Now Joseph said to them on the third day, “Do this and live, for I fear God: 19 if you are honest men, let one of your brothers be confined in your prison; but as for the rest of you, go, carry grain for the famine of your households, 20 and bring your youngest brother to me, so your words may be verified, and you will not die.” And they did so. 21 Then they said to one another, “Truly we are guilty concerning our brother, because we saw the distress of his soul when he pleaded with us, yet we would not listen; therefore this distress has come upon us.” 22 Reuben answered them, saying, “Did I not tell you, ‘Do not sin against the boy’; and you would not listen? Now comes the reckoning for his blood.” 23 They did not know, however, that Joseph understood, for there was an interpreter between them. 24 He turned away from them and wept. But when he returned to them and spoke to them, he took Simeon from them and bound him before their eyes. 25 Then Joseph gave orders to fill their bags with grain and to restore every man’s money in his sack, and to give them provisions for the journey. And thus it was done for them.


God uses the famine to initiate the process of reconciliation for the holy family. Salvation in God’s kingdom goes beyond physical sustenance to the restoration of relationships. Here, God is the divine orchestrator while Joseph works with God’s providence to unite the brothers towards a fitting end. Joseph, in laying aside his personal grievances has become an instrument of salvation to Israel and to the world. Today’s devotion teaches us that reverence for God helps us lay aside our personal grievances to embrace the eternal call of the kingdom.


Now Jacob saw that there was grain in Egypt, and Jacob said to his sons, “Why are you staring at one another?”

The famine sent the inhabitants of all Egypt and Canaan scrambling for food. And because known to all the world was the abundance of grain in Egypt, Jacob dispatched his sons to purchase grain. Since Joseph was long gone, Benjamin being his full brother had taken his place in his father’s affections. Jacob’s decision not to send Benjamin arose from his fear of Joseph’s fate befalling him. As Benjamin is now the only surviving son of his beloved Rachel, under all circumstances he must be protected; Leah and her sons don’t matter as much. The rest of the brothers went out in full force to maximise the payload of grain on their return trip.
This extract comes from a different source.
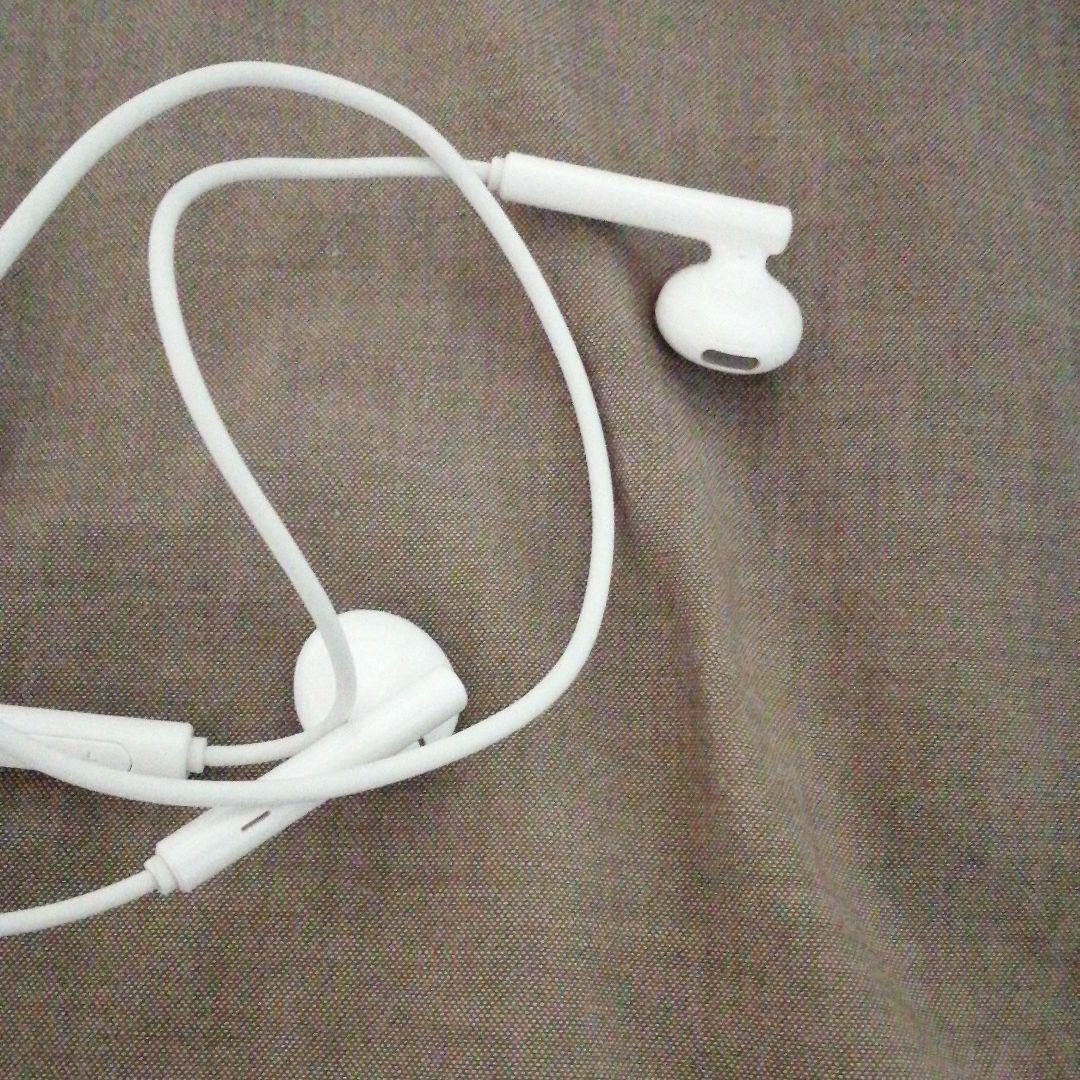 iPhone　イヤホン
When Joseph saw his brothers he recognised them, but he disguised himself to them and spoke to them harshly.

For security reasons, it was customary for all foreign buyers of grain to be brought before Joseph. As the brothers bowed down to him, he recognised them but was quick to disguise himself. After being separated for 22 years, Joseph was anxious to understand the circumstances surrounding his family. By ostensibly accusing them of espionage and interrogating them harshly, Joseph put them under duress to respond to his questions truthfully.

Joseph might have forgotten his afflictions, but he remembered the dreams that showed 11 of his brothers bowing down to him. Thus, Joseph strategised and orchestrated a series of events in accordance to that dream so that God’s purposes might be fulfilled. Just as he strategised and brought salvation to Egypt based on Pharaoh’s dreams, now he is strategising to bring salvation to his family based on his dreams.

Joseph maintained his charge against the brothers’ repeated denials. Unknown to the brothers, Joseph was scheming to assemble all of Jacob’s sons in Egypt as shown in the dream. Joseph’s initial plan was to incarcerate all of them while leaving one to return home to fetch Benjamin. However, the plan was modified to have one brother remain incarcerated while allowing the rest to return home with the much needed grain.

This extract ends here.